Don Carlos de Verdi met en scène la basse chantante qu'est le Roi Philippe II : dans son cabinet (début de l'acte III), celui-ci médite sur la trahison de son fils Don Carlos et l’infidélité de sa femme Elizabeth de Valois ("Ella giammai m'amò!"Elle ne m'aima jamais). En voici l'interprétation d'une des plus grandes basses du XXe siècle (notamment dans le rôle de Boris Godounov), le chanteur bulgare Nicolaj Ghiaurov.
Basso profondo : Walter Berry
La basse-profonde est la voix charnue, épaisse et la plus grave qui soit, adaptée pour une variété des personnages : autant les figures distinguées que les personnalités risibles. Elle se distingue certes par sa puissance vocale, souvent employée pour les figures symbolisant l'autorité politique ou morale.
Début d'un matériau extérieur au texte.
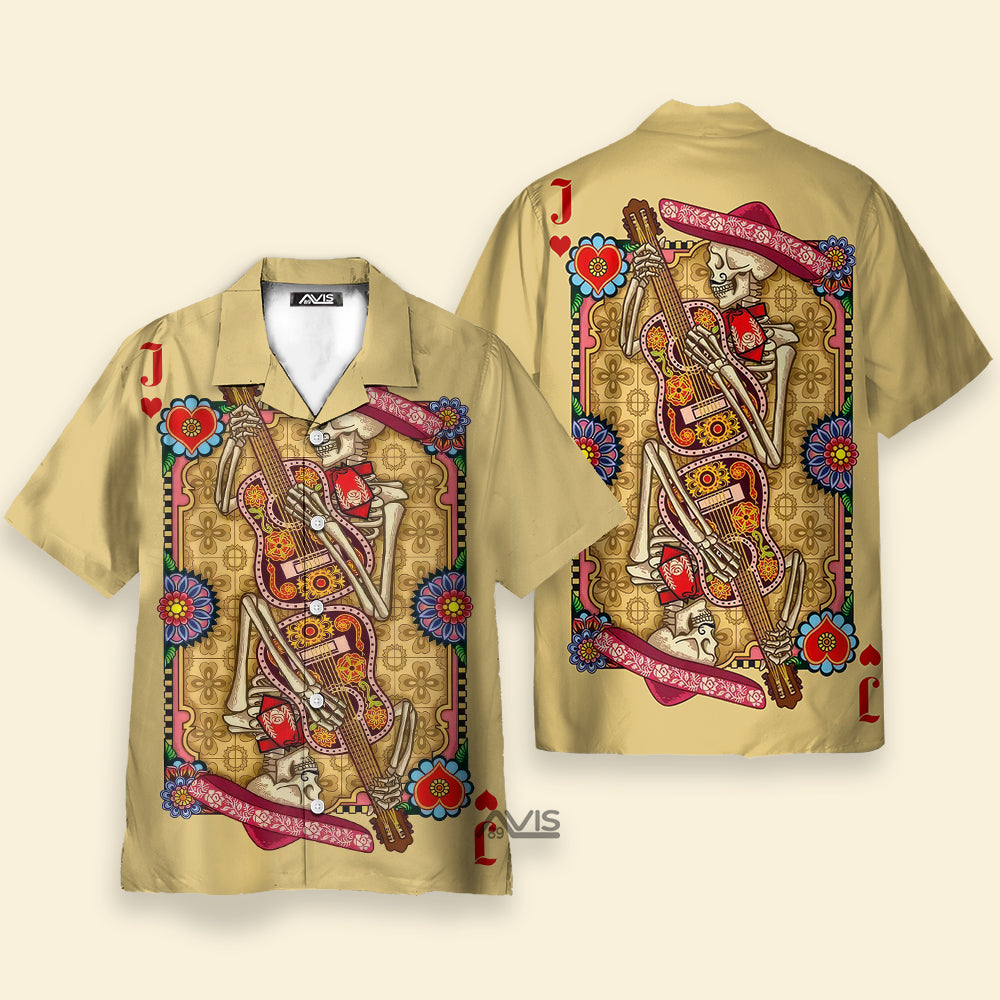 Skull Playing Card Yellow Version - Hawaiian Shirt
La basse autrichienne Walter Berry fit sa carrière principalement dans le répertoire germanophone, dont le rôle comique du Baron Ochs de l'opéra Le Chevalier à la rose de Richard Strauss. Ceci est un extrait de la fin du deuxième acte, où ce personnage chante et danse la valse. Il retrouve la bonne humeur après avoir été blessé au bras suite au duel avec Octavian qui souhaite épouser Sophie à sa place ("Da lieg' ich...Ohne mich, ohne mich...").